High-risk patients who took naproxen and aspirin were not at increased risk of adverse cardiovascular outcomes, compared with those taking lumiracoxib and aspirin. But those who took ibuprofen and aspirin were nine times more likely to experience a heart attack or stroke than were those who took the lumiracoxib/aspirin combination (8 vs. 1, or 2% vs. 0.25%).

Among high-risk patients who were not taking aspirin, naproxen was the safest choice, with no events occurring in the naproxen group compared with five events (1.57%) in the lumiracoxib group.

The ibuprofen/aspirin combination was also associated with a trend toward more congestive heart failure, compared with the lumiracoxib/aspirin combination (6 vs. 1, or 1.6% vs. 0.25%). This difference was not statistically significant, but was the primary driver of a 10-fold increase in the risk of heart failure in all the patients taking ibuprofen, compared with all of those taking lumiracoxib (8 vs. 1, or 1.28% vs. 0.14%).

Among low-risk patients, there were no significant associations between increased cardiovascular events or heart failure and any of the regimens.

The findings of increased heart attack and stroke seem to support the theory that ibuprofen might block aspirin's beneficial effect on platelet aggregation, the authors said. The drug might also negatively affect fluid balance and blood pressure, leading to the increased incidence of congestive heart failure in aspirin/ibuprofen users.

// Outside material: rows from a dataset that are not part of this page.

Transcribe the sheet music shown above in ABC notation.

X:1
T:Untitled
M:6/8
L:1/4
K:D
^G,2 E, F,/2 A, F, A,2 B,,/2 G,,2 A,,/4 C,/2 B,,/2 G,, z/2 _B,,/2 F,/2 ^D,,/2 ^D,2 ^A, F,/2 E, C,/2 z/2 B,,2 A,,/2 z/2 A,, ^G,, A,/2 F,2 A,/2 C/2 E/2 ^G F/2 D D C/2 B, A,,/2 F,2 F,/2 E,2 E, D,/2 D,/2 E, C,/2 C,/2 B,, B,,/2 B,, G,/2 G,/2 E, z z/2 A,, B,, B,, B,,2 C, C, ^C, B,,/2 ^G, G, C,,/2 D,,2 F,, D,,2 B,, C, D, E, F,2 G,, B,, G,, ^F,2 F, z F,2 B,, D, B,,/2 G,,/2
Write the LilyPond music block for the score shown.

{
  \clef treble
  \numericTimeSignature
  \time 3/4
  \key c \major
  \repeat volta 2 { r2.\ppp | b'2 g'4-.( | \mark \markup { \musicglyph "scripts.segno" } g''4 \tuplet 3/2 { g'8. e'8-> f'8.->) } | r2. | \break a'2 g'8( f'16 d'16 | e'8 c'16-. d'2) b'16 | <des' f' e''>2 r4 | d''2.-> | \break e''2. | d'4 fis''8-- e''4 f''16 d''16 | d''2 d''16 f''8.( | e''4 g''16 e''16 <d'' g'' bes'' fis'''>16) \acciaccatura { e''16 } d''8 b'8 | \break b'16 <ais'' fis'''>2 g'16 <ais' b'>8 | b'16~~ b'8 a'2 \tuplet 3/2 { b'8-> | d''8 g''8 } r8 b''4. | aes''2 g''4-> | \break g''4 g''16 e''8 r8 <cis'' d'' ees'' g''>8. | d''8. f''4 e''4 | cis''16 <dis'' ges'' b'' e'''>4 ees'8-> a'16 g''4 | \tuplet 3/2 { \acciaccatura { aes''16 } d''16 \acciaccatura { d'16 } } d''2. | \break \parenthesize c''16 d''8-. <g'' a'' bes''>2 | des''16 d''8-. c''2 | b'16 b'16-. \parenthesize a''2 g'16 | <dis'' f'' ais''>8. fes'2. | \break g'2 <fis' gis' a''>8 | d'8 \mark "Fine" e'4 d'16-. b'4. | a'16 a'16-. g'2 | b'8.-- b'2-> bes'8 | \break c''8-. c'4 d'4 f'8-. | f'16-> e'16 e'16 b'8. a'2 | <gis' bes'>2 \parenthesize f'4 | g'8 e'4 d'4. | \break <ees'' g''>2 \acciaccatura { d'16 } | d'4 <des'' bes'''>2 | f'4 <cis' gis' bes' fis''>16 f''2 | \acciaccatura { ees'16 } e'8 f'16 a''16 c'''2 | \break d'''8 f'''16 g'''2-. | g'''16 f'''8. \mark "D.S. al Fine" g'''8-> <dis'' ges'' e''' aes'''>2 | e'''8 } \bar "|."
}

The hazard ratios may seem large, but it's important to keep the overall numbers in mind before drawing any firm conclusions, said Dr. Roy Altman, professor of medicine in the division of rheumatology at the University of California, Los Angeles. “Cardiovascular events were not the primary objective of the TARGET study. The total number of events was relatively small, and TARGET was smaller than a cardiovascular event study, which usually contains about 30,000 patients. These factors make this a hypothesis-generating study.”